About this exercise: Leave out all pictures while repeating the records exactly and completely.

Collected data entries:
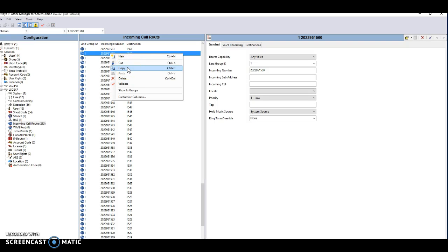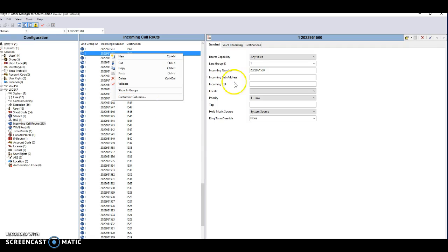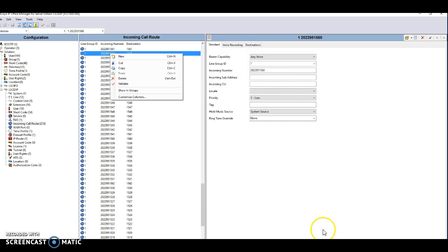Paste it into a new window, then add the incoming number to the CLI and hit save and merge. That will complete the process.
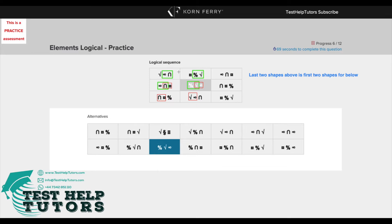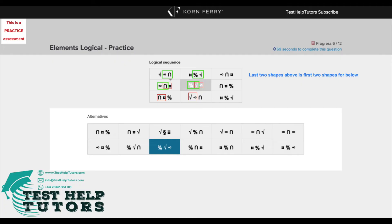Another thing we can notice is that the last two shapes here and the first one in the first column second row here, these three combine to make this shape here. So we have an infinity, n sign and this circular shape here. These combine to give us the infinity, n sign and circular shape.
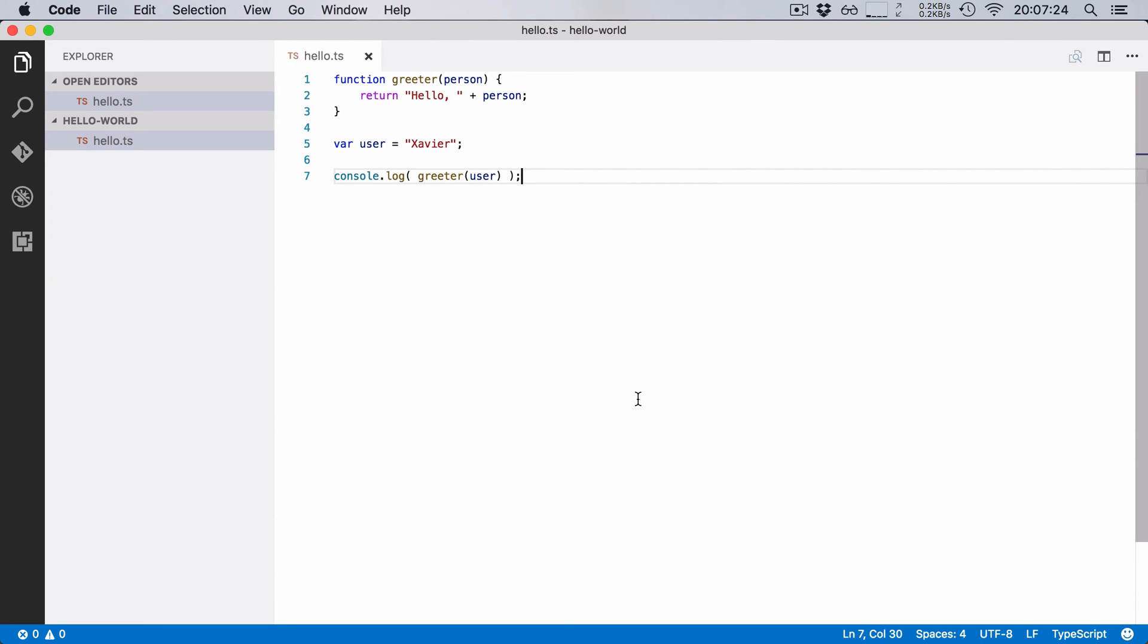Now just changing our file extension has no real benefit, but now we can start using the great new features that are available in TypeScript. But hang on just one minute. TypeScript files need to be compiled. I mean right now our code still looks like regular JavaScript, but because it's .ts we actually have to compile it to .js.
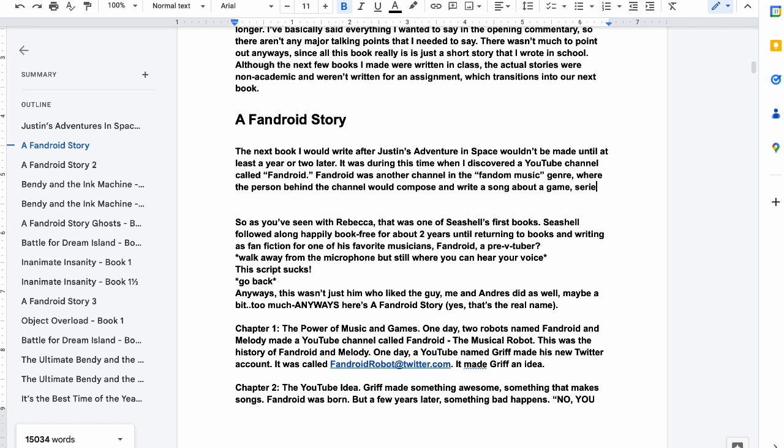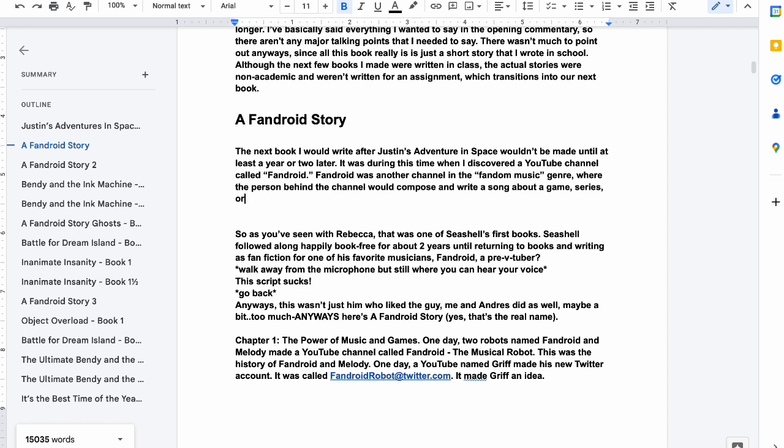Where the person behind the channel would compose and write a song about a game, series, or movie. I don't like that, I'm not feeling it. I'm not either as well.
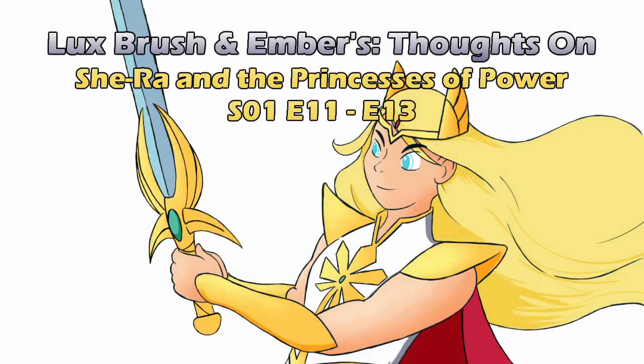Hello, I'm Lux, and I think this show got most of its pacing right at the end of the season. And I'm Ember, though I would say more the late middle. And this is our thoughts on She-Ra and the Princesses of Power, Season 1, Episodes 11-13.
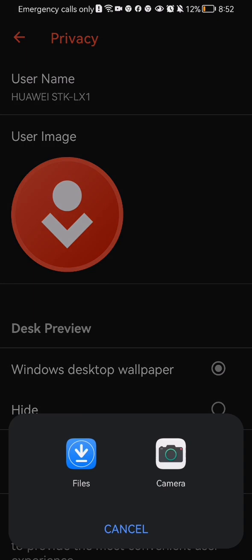You just tap on it and you can either choose one from your files or take one with the camera.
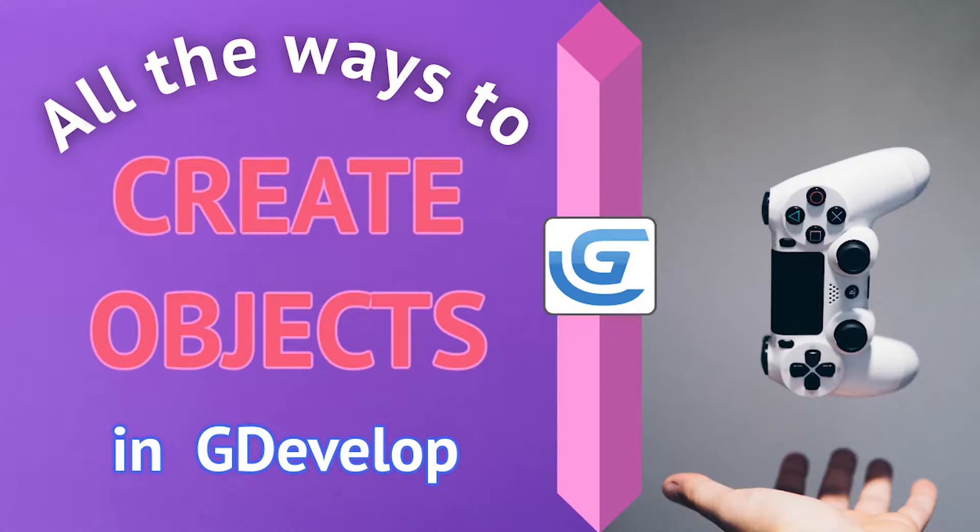Did you know there are over six different ways to create an object in GDevelop? This video will show you each of those ways, from basic to advanced.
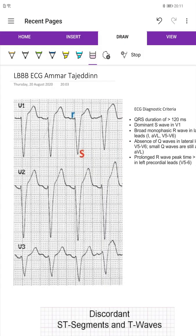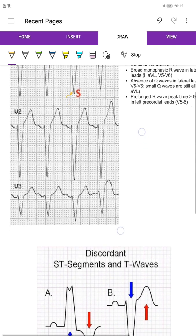Regarding the LBBB, we agree that if you find the duration more than 120 milliseconds we will think about the RBBB and LBBB. So how to diagnose the LBBB: you will find a small R wave and deep S wave in lead V1, and the QRS complex duration more than 120 milliseconds — more than three small squares. The other criteria: absent Q wave in leads I, AVL, and V5. The most important finding in V1 is that the QRS complex is negative.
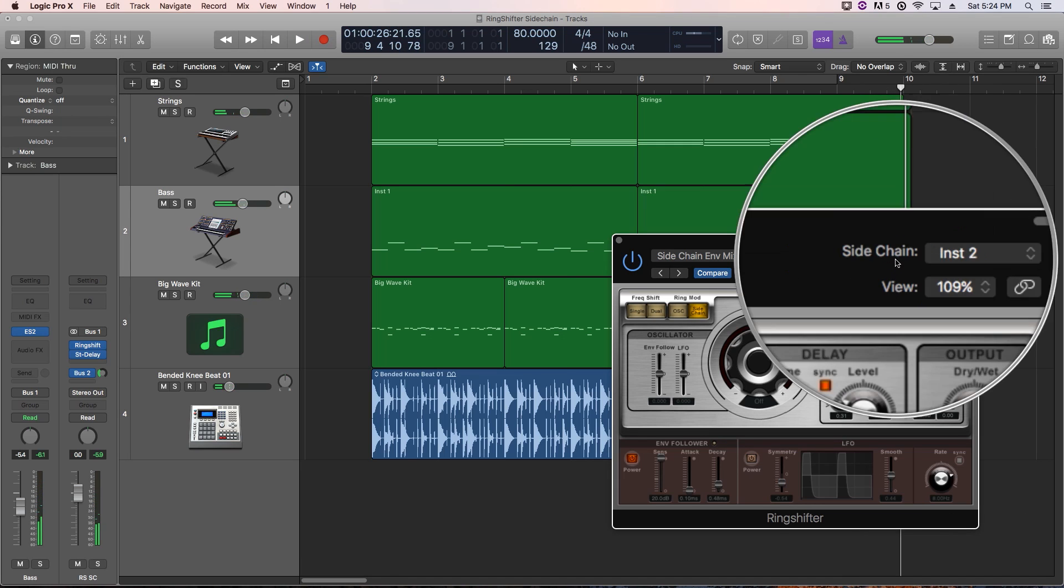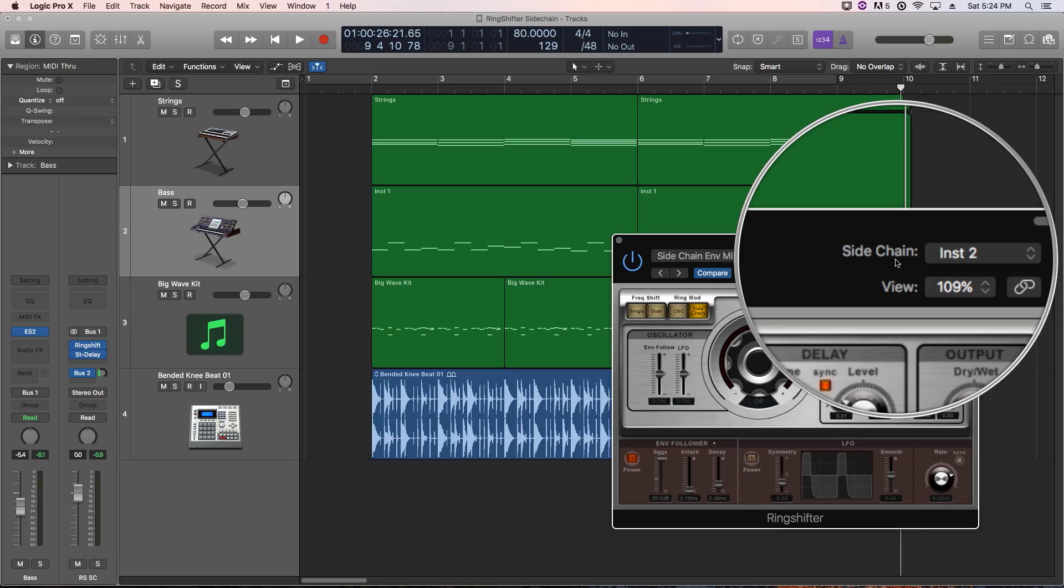So that's how to use the sidechain input presets in the ring shifter plug-in in Logic Pro X. I hope you enjoyed this video. If you did, please leave me a like and subscribe to the channel to see more content like this. Thanks for the support and thanks for watching.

Written solution:
Paste it into a new window, then add the incoming number to the CLI and hit save and merge. That will complete the process.
Another thing we can notice is that the last two shapes here and the first one in the first column second row here, these three combine to make this shape here. So we have an infinity, n sign and this circular shape here. These combine to give us the infinity, n sign and circular shape.
Now just changing our file extension has no real benefit, but now we can start using the great new features that are available in TypeScript. But hang on just one minute. TypeScript files need to be compiled. I mean right now our code still looks like regular JavaScript, but because it's .ts we actually have to compile it to .js.
Where the person behind the channel would compose and write a song about a game, series, or movie. I don't like that, I'm not feeling it. I'm not either as well.
Hello, I'm Lux, and I think this show got most of its pacing right at the end of the season. And I'm Ember, though I would say more the late middle. And this is our thoughts on She-Ra and the Princesses of Power, Season 1, Episodes 11-13.
You just tap on it and you can either choose one from your files or take one with the camera.
Did you know there are over six different ways to create an object in GDevelop? This video will show you each of those ways, from basic to advanced.
Regarding the LBBB, we agree that if you find the duration more than 120 milliseconds we will think about the RBBB and LBBB. So how to diagnose the LBBB: you will find a small R wave and deep S wave in lead V1, and the QRS complex duration more than 120 milliseconds — more than three small squares. The other criteria: absent Q wave in leads I, AVL, and V5. The most important finding in V1 is that the QRS complex is negative.
So that's how to use the sidechain input presets in the ring shifter plug-in in Logic Pro X. I hope you enjoyed this video. If you did, please leave me a like and subscribe to the channel to see more content like this. Thanks for the support and thanks for watching.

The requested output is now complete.